Personal information
- Nationality: Papua New Guinean
- Born: Sharon Toako 12 October 1992 (age 33) East New Britain, Papua New Guinea

Sport
- Country: Papua New Guinea
- Sport: Athletics
- Event: Javelin throw

Achievements and titles
- Personal best: 49.18 m (2019)

Medal record
Women's athletics
Representing Papua New Guinea
Oceania Championships
| Silver medal – second place | 2017 Suva | Javelin throw |
| Silver medal – second place | 2024 Suva | Javelin throw |
Pacific Games
| Gold medal – first place | 2019 Apia | Javelin throw |
| Gold medal – first place | 2023 Honiara | Javelin throw |
Pacific Mini Games
| Silver medal – second place | 2017 Port Vila | Javelin throw |
| Silver medal – second place | 2022 Saipan | Javelin throw |
| Bronze medal – third place | 2017 Port Vila | Hammer throw |

= Sharon Toako =

Papua New Guinean javelin thrower

Sharon Toako (born 12 October 1992) is a Papua New Guinean track and field athlete who competes in the javelin throw. She won gold at the 2019 Pacific Games with a throw of 47.13 meters. Her personal best of 49.18 m set in 2019 is the current Papua New Guinean national record.
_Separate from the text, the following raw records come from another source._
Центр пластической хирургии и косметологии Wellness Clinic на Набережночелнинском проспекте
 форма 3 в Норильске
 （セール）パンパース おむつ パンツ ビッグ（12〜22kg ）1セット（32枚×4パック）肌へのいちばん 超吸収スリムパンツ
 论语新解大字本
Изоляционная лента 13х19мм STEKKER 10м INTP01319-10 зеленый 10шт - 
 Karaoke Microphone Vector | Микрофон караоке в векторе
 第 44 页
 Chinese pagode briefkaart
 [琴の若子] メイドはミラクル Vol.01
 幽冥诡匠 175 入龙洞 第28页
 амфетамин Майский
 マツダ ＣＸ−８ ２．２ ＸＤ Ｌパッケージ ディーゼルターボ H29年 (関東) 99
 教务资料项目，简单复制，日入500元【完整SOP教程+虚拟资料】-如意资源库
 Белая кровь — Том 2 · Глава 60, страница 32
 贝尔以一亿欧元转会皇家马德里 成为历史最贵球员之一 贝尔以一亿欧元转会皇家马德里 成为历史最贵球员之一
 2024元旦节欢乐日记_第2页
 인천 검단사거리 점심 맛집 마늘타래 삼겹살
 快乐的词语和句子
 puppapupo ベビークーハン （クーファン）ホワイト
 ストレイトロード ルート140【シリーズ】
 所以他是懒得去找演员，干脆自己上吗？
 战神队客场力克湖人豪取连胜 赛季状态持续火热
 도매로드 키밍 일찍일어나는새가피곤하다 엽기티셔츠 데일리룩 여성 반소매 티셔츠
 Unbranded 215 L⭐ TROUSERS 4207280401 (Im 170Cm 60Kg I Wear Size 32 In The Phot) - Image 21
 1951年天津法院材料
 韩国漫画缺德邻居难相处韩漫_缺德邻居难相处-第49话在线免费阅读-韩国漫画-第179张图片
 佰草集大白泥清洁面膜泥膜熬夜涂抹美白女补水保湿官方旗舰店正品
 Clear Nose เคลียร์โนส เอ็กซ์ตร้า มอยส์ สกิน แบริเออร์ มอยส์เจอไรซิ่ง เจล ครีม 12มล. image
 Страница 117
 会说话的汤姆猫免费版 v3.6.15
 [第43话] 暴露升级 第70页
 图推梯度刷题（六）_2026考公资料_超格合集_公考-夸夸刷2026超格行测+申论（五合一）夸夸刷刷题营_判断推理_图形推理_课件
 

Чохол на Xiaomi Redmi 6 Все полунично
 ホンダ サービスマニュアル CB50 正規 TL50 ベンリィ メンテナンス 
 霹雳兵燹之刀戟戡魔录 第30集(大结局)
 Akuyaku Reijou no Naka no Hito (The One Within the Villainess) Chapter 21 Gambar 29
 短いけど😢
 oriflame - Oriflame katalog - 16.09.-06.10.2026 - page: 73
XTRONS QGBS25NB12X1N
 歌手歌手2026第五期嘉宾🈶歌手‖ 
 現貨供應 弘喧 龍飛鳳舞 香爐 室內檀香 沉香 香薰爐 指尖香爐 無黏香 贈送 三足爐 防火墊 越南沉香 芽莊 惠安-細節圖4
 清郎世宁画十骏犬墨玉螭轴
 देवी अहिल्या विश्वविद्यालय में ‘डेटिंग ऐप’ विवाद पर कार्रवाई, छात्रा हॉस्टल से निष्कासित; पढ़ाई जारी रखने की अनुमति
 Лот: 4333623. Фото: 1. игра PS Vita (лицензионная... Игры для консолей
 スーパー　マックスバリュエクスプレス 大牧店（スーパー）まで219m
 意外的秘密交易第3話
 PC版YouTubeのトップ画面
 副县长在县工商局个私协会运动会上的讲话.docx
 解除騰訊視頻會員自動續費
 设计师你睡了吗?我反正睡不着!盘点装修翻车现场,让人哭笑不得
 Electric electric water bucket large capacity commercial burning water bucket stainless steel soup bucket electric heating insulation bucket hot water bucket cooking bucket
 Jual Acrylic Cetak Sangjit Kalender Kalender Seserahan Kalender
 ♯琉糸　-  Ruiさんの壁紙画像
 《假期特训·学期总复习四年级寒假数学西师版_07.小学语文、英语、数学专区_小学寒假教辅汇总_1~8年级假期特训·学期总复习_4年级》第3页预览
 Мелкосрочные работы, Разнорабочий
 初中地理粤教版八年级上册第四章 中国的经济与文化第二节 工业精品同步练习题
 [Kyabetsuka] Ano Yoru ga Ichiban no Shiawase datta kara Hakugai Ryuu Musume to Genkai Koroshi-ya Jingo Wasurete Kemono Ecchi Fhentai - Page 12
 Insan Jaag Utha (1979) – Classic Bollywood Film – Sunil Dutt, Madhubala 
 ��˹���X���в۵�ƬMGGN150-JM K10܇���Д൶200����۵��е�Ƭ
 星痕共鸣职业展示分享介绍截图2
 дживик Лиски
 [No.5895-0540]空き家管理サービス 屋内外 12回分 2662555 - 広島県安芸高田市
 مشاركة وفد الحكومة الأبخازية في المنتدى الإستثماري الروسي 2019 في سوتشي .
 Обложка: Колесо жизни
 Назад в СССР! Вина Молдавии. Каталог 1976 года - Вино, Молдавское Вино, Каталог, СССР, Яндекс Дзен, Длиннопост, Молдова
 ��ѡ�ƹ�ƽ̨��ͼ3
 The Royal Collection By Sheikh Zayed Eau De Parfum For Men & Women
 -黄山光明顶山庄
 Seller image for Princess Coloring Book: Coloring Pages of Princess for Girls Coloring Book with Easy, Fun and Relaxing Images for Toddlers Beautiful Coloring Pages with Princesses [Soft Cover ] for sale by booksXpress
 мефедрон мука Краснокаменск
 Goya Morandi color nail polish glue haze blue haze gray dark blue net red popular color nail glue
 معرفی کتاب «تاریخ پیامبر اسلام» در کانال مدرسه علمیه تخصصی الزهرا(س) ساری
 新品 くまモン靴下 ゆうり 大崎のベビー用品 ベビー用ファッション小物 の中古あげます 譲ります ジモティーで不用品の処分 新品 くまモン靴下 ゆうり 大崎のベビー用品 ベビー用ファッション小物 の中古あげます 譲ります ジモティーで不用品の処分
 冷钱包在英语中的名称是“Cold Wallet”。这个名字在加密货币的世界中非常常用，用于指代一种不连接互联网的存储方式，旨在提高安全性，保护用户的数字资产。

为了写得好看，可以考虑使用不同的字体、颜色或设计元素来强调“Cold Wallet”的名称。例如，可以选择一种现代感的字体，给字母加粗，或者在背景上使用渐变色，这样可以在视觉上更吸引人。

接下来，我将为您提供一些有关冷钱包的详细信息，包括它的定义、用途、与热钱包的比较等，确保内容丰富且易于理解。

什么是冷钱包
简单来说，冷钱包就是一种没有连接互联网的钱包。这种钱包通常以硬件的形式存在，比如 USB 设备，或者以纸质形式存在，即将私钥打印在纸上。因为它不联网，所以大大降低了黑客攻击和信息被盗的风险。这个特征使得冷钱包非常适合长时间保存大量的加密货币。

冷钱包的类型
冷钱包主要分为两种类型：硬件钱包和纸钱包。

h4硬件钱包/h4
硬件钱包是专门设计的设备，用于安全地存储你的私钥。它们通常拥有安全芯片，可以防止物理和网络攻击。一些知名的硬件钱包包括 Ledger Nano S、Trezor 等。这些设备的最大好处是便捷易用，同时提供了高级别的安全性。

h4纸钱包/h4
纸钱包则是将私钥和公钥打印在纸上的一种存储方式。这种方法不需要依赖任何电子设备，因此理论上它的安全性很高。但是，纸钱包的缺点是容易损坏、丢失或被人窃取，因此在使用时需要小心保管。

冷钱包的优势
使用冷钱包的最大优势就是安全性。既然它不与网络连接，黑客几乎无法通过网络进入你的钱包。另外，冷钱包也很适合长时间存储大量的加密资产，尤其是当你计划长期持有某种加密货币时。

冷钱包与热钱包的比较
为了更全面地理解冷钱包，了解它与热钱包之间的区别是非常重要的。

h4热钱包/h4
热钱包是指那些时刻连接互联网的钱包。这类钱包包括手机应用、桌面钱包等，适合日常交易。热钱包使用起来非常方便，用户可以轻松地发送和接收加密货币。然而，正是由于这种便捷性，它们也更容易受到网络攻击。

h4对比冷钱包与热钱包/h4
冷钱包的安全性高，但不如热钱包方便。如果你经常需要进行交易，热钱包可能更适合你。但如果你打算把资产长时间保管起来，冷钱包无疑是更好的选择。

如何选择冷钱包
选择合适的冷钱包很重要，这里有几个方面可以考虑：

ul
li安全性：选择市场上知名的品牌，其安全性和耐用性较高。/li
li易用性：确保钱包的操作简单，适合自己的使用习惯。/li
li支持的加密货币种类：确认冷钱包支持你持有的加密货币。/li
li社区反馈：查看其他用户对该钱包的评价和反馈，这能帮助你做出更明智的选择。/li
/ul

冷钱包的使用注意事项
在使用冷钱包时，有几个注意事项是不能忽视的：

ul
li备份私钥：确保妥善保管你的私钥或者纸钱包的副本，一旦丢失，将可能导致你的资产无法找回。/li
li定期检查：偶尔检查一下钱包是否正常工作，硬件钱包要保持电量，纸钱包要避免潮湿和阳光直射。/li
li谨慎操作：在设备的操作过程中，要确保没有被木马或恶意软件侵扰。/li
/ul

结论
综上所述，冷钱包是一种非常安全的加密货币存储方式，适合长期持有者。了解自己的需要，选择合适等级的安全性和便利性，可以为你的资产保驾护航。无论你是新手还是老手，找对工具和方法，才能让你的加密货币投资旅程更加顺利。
Toako is a 6-time national champion for Papua New Guinea. She holds 4 national record marks namely for the javelin throw, discus throw, shot put (indoor), and weight throw (indoor).

==Personal life==
Toako was a student-athlete at the New Mexico Highlands University in Las Vegas, New Mexico from 2017 to 2019. She graduated in 2020 with a Science degree majoring in forestry.